Bet Twice with Craig Perret aboard, would have to ride smart and the race would be his for the taking. He could sit off Lost Code’s pace but not too far as to let him get away. He would have Alysheba to the inside of him and could work to keep him there until he decided to move. Lost Code was 2-1, Alysheba 8-5 and Bet Twice was the favorite at 6-5.
Here’s how it played out. Forgive the quality, but listen to the crowd and just imagine how the Alabama racing fans were pulling for what they considered their very own.
1987 Haskell Stakes
The trio would meet again, but not for almost a year.
Lost Code did not win again in 1987. He reappeared March 5, 1988 as a four-year-old. He looked bigger and stronger and every bit the monster when he won a non-conditioned allowance race by fifteen lengths over stakes horses. He clocked the seven furlongs in 1:21 1/5. Craig Perret had taken over the mount on Lost Code by this time.

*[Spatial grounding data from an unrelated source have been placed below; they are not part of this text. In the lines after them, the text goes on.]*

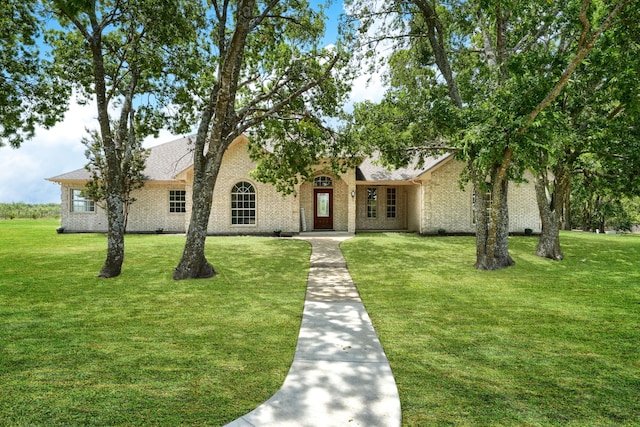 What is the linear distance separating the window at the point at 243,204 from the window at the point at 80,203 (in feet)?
30.6

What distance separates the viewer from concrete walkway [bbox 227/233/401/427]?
3035 millimetres

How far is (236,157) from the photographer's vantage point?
1977 centimetres

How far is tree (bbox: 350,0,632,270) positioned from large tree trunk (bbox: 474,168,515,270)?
29 mm

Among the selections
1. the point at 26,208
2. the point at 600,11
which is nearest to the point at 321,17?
the point at 600,11

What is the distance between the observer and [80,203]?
2191cm

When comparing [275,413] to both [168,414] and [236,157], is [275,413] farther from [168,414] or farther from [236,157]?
[236,157]

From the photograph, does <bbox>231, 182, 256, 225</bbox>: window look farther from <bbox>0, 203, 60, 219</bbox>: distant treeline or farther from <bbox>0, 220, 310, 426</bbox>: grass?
<bbox>0, 203, 60, 219</bbox>: distant treeline

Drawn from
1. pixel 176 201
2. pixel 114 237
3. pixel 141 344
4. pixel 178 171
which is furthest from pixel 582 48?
pixel 176 201

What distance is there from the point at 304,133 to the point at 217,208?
9090 mm

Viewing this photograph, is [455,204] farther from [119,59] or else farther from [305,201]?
[119,59]

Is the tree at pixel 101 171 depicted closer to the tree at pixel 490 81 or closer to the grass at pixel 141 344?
the grass at pixel 141 344

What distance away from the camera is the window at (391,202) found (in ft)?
76.0

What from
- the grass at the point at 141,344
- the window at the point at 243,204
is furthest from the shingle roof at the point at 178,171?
the grass at the point at 141,344

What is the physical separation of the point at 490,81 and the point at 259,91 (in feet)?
26.4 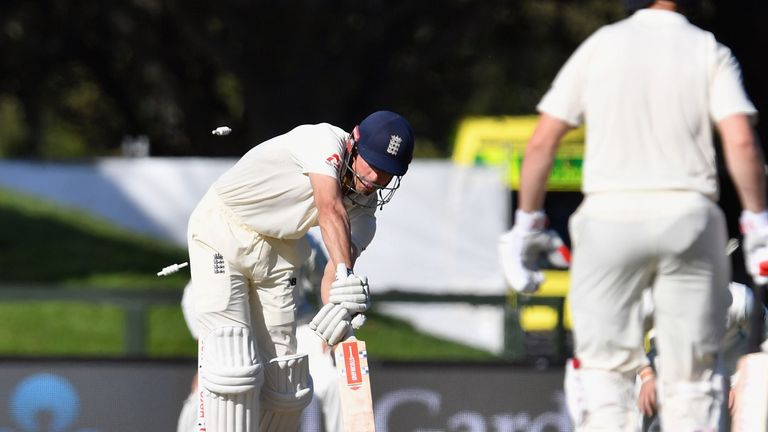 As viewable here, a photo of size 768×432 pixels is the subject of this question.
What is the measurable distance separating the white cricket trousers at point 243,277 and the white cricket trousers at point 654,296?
167cm

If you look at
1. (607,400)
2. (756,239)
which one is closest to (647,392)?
(607,400)

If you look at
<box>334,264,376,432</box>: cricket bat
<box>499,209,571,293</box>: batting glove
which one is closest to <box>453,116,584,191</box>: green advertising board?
<box>334,264,376,432</box>: cricket bat

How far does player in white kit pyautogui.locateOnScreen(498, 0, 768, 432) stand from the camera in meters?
4.64

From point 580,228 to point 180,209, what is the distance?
12.6m

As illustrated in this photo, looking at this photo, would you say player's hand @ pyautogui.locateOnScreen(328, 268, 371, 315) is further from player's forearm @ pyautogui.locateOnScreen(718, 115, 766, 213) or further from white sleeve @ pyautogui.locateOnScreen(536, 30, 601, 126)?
A: player's forearm @ pyautogui.locateOnScreen(718, 115, 766, 213)

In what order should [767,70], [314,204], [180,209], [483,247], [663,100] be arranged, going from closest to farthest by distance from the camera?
[663,100], [314,204], [767,70], [483,247], [180,209]

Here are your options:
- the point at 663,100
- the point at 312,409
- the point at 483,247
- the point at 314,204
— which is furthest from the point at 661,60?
the point at 483,247

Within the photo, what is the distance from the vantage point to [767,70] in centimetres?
1013

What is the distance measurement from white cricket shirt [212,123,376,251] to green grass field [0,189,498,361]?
29.2ft

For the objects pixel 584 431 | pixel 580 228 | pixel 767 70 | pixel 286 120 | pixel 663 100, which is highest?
pixel 286 120

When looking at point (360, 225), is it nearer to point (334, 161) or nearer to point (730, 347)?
point (334, 161)

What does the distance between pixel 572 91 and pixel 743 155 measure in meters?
0.56

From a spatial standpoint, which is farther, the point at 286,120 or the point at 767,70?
the point at 286,120

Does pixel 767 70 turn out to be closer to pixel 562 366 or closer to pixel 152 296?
pixel 562 366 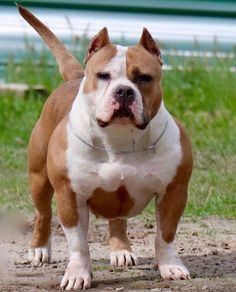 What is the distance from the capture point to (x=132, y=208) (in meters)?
6.35

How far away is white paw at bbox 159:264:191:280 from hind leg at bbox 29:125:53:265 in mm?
1025

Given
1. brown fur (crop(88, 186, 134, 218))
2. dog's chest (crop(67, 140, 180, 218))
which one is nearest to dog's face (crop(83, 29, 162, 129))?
dog's chest (crop(67, 140, 180, 218))

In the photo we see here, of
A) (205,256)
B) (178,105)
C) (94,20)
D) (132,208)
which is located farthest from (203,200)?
(94,20)

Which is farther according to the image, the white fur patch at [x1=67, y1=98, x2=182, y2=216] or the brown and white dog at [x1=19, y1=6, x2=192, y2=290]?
the white fur patch at [x1=67, y1=98, x2=182, y2=216]

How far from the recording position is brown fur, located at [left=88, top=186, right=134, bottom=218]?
244 inches

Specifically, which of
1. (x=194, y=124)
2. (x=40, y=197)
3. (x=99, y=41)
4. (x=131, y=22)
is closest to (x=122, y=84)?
(x=99, y=41)

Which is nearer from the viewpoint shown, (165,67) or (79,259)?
(79,259)

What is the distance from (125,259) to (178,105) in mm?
5453

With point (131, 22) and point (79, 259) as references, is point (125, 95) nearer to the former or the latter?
point (79, 259)

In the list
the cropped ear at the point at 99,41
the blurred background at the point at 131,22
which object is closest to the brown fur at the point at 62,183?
the cropped ear at the point at 99,41

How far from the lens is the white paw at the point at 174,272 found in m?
6.30

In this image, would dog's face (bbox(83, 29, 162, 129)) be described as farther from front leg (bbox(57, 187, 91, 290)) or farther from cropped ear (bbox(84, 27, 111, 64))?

The Grade 2 Razorback at Oaklawn Park was up next. Lost Code took that race easily under Perret going the mile and a sixteenth in 1:40 2/5. The Grade 1 Oaklawn Handicap was next and Lost Code would face pressure from Gulch early, but at the half- mile-pole he had shaken of the pressure and only needed to hold off Cryptoclearance.
1988 Oaklawn Handicap
He won the race by a length in 1:47 flat.
In May of 1988, the rematch of the Haskell was upon us. Lost Code, Alysheba, Bet Twice and the now threatening Cryptoclearance would meet in the Pimlico Special on May 14th, the Saturday between the Kentucky Derby and the Preakness Stakes.
Jockey Craig Perret had to make the call which horse to ride, but Craig Perret and Jimmy Croll had a long relationship and Bet Twice was the easy choice. Pat Day took over the reins on Lost Code. The first renewal after a thirty-year hiatus lived up to the billing.
1988 Pimlico Special
Alysheba was taken out of his game in this race and with Craig Perret taking advantage of Lost Code’s tendency to open the rail, Bet Twice snuck by Lost Code and you can see the surprise the colt shows that someone would come up inside of him. He certainly didn’t lose any respect in this effort.
Craig Perret got back on Lost Code and they went out winners in the Grade 3 National Jockey Club Handicap at Sportsman’s Park, the Grade 2 Massachusetts Handicap at Suffolk Downs over Waquoit and Afleet.
His last race he won in a gallop, the Grade 2 Michigan Mile (and One-Eighth) at Detroit Race Course.
1988 Michigan Mile
Lost Code finished his career 27 starts, 15 wins (12 stakes), five places and two thirds and earnings of $2,085,396. He took his fans on a ride that they will long remember.
He suffered through colic surgery, bone chip removals early in his life, but in 2001 he would be taken swiftly. He succumbed to a ruptured aorta in the breeding shed.
In some crazy way it seems fitting that his heart didn’t stop, it simply burst.